All my life, all I cared about was serving my pack, but more than that, serving my family. I wanted what was best for them. And now they were telling me what was best for them was if I was gone.

“Fine.” My voice trembled. I wanted to say more, but grief suffocated me, and my eyes burned too much for me to keep eye contact. Ripping away from the conversation, I shut myself in my room and packed a bag, my hands shaking and tears dripping down my chin. I never would have imagined that I’d be kicked out by my own family, left to fend for myself as the consequence of my mistakes. I always thought they would support me. But this proved once and for all that I meant nothing to them!

I didn’t even say goodbye as I hauled my duffle bag into the hallway, unable to look in my parents’ direction, knowing they wouldn’t spare me any sympathy. It was just my luck that Lacey turned the corner ahead of me. She peered at the bag in my hands and didn’t have to guess what had happened.

“Good luck, dearest little sister,” Lacey snickered as she walked past me.

I resisted the urge to shove my shoulder against her. Chances were it would spiral out of control into another rumor about me being uncontrollably violent. I just kept my head low and kept walking, my jaw tight.

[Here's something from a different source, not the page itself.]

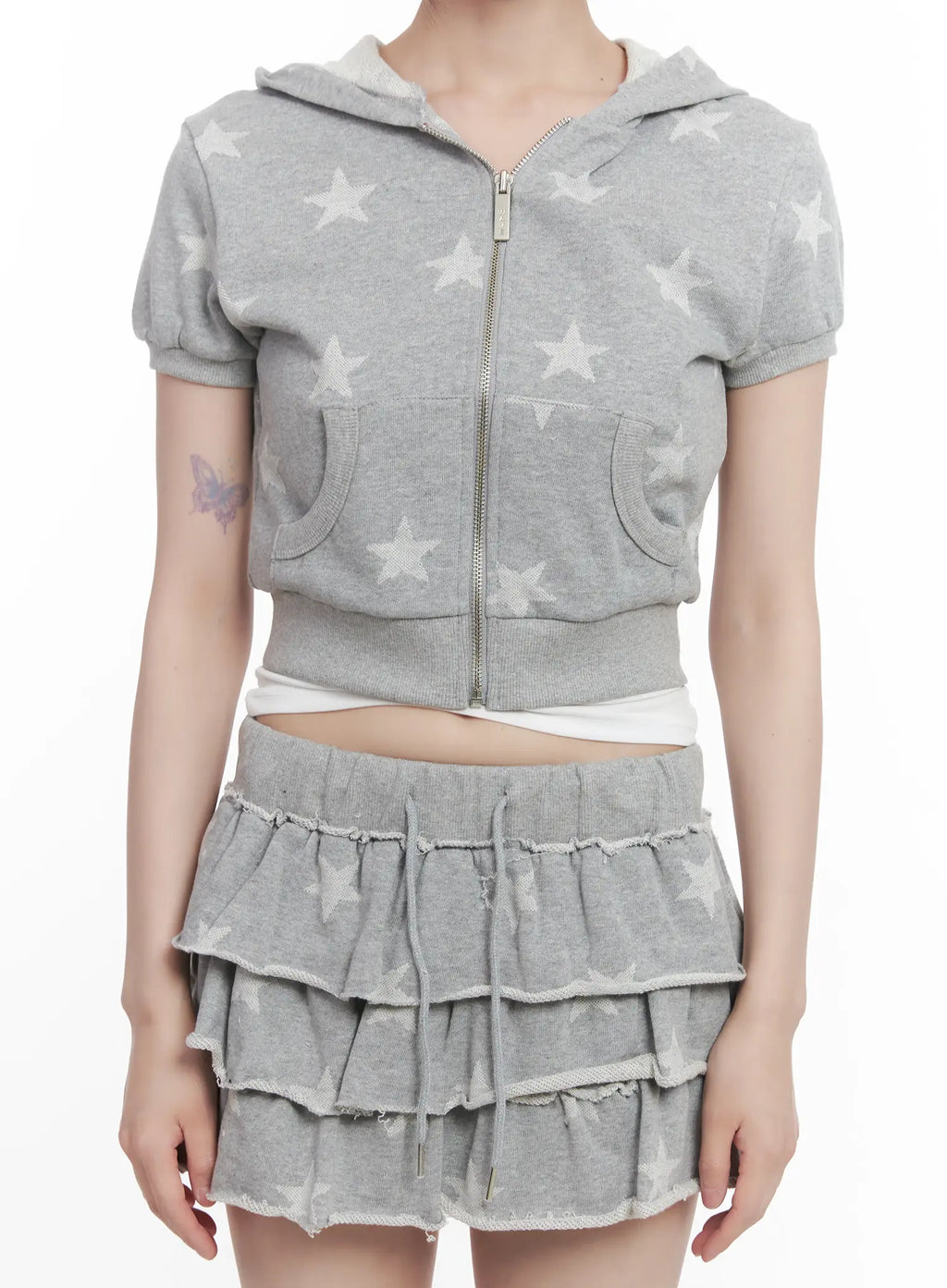 Star Print Short-Sleeve Hoodie CU518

Thankfully, nobody passed me on my way to the visitor lodgings. They were hardly up to the same standard as the suite my family lived in. But, for visitors to the Lodge, they were sufficient enough. I had to report to the front desk in the common room in order to get my key, then was assigned to a small room with a single bed, a nightstand, a dresser, and a kitchenette—a sink, a counter, and a microwave. I had a small bathroom with a toilet and a standing shower too. The plain white walls were suffocating, like a jail cell. I sat on the edge of the bed and immersed myself in the silence. The loneliness was unfamiliar, but in a way, I supposed I had been lonely for a long time. My sisters were never really my friends, were they? At least this room was better than being homeless.

Unpacking my duffle bag, I filled the dresser with my clothes and then set a framed photograph on my nightstand. When I crawled into bed, my parents were smiling back at me from the photo. It hurt too much knowing they couldn’t bring themselves to smile at me in real life. I tipped the photo down and rolled over.

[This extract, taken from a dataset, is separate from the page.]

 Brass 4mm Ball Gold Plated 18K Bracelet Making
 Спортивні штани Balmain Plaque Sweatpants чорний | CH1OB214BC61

The loneliness yawned over me like a void. Nobody would hear me crying all night in my room. It was better that way.

“Do you have any books on nursing? Or food sciences?” I asked the Lodge librarian.

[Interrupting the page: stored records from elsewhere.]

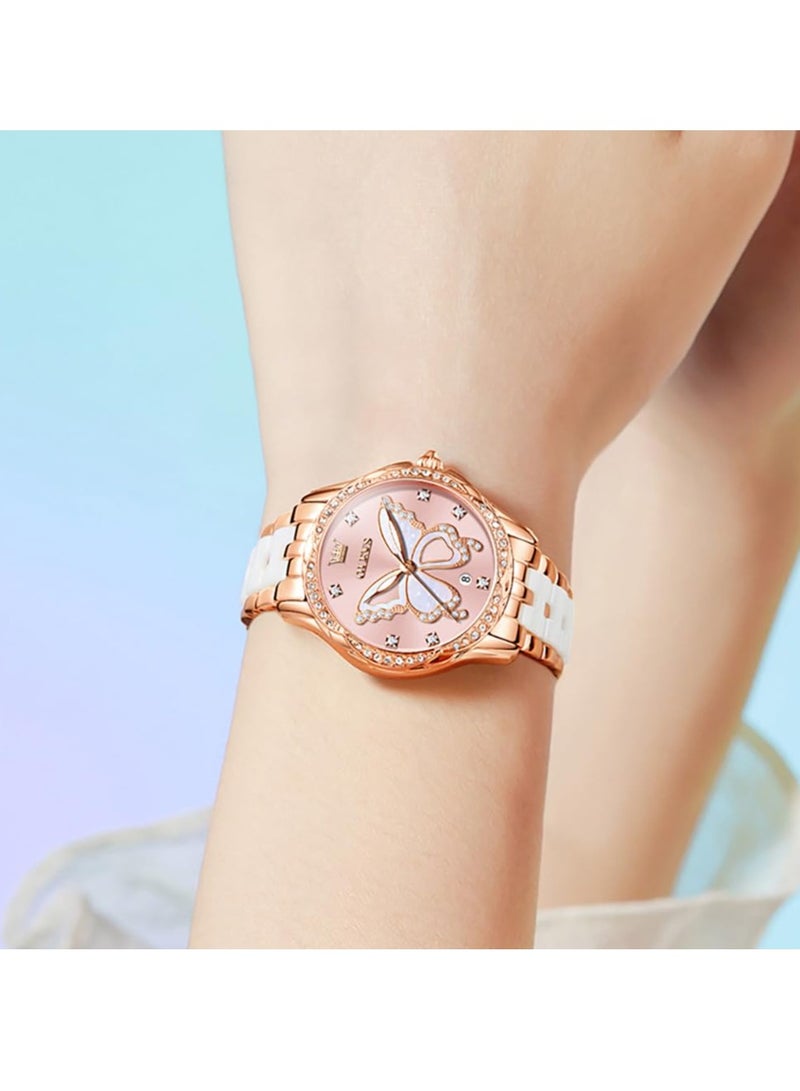 أوليفز ساعة OLEVS النسائية الأنيقة المصنوعة من الفولاذ المقاوم للصدأ والسيراميك بسوار ثنائي اللون ومقاومة للماء 5610 - Image 3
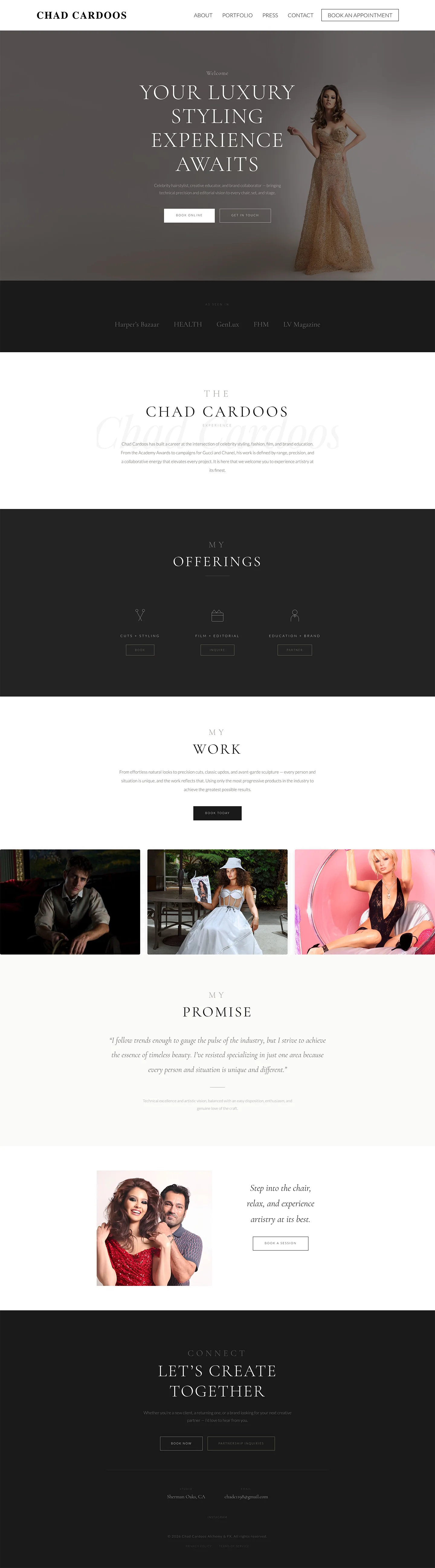 Chad Cardoos website design by Studio Park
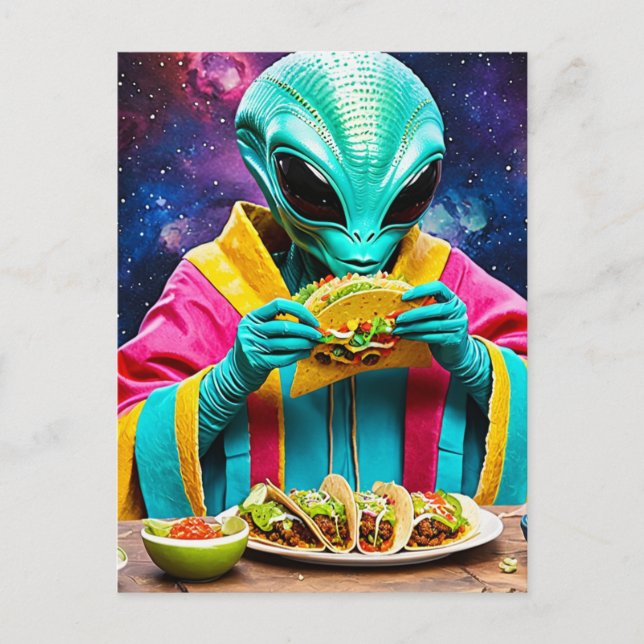 Alien Eating Tacos Postcard (Front)
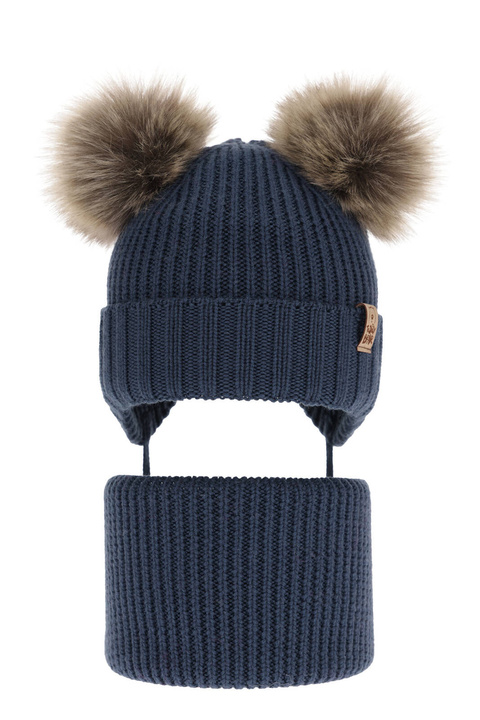 Set invernale bambino: berretto e scaldacollo, blu scuro, 100% Lana Merino, con lacci, Konor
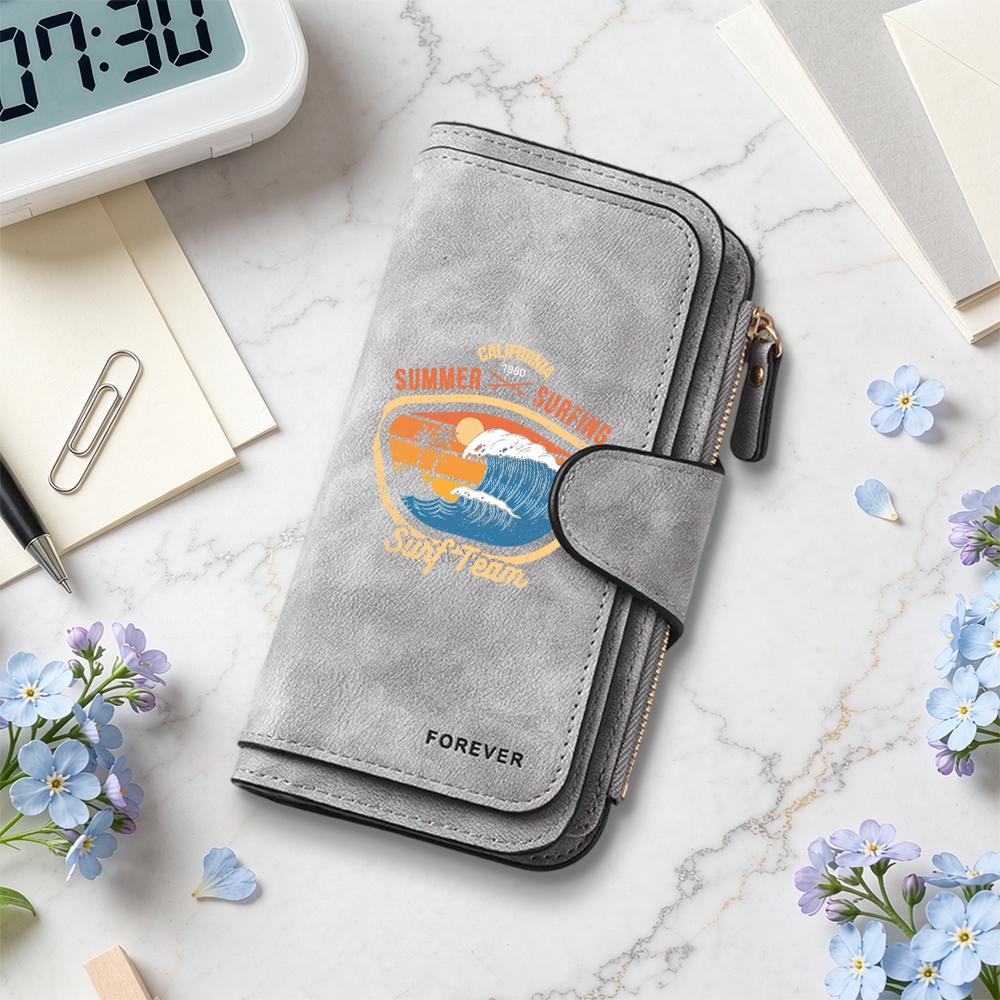 Vintage Surf Print Long Wallet Multi Card Slot Casual Portable Fashion Purse
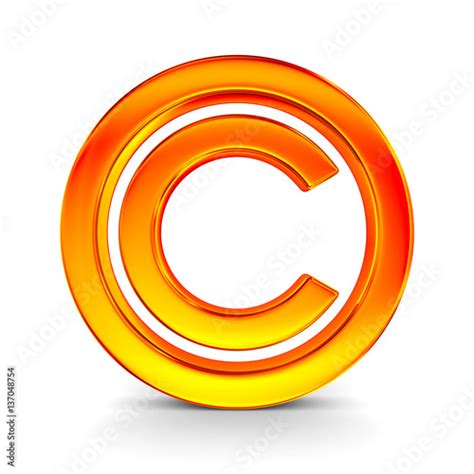 Sign Copyright On White Background Isolated 3d Image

He regarded me skeptically, clearly trying to figure out why I cared about these subjects now that my studies were over, but the stigma attached to me kept him from asking. I wanted to justify myself, but I felt he wouldn’t really care. “This way,” he said, leading me through the aisles. We paused a few times for him to grab books off the shelves, then at the desk, he pushed the books toward me and adjusted his glasses. “They’ll be due back in a week.”

“Thanks.” My voice was still hoarse from all the crying. My eyes flicked up at him, then back down. It was hard for me to produce anything stronger than the ghost of what my smile used to be, especially when I could feel the disdain burning off of everyone I spoke to.

Gathering the books, I quickly left the library and headed for the common room. There wasn’t enough surface area for me to study efficiently in my own room, and I thought at least it could defeat my isolating loneliness by sitting somewhere public, but I quickly regretted it after staking my claim at a table and catching the stares of my packmates. I tried to ignore them, burying my nose in the books.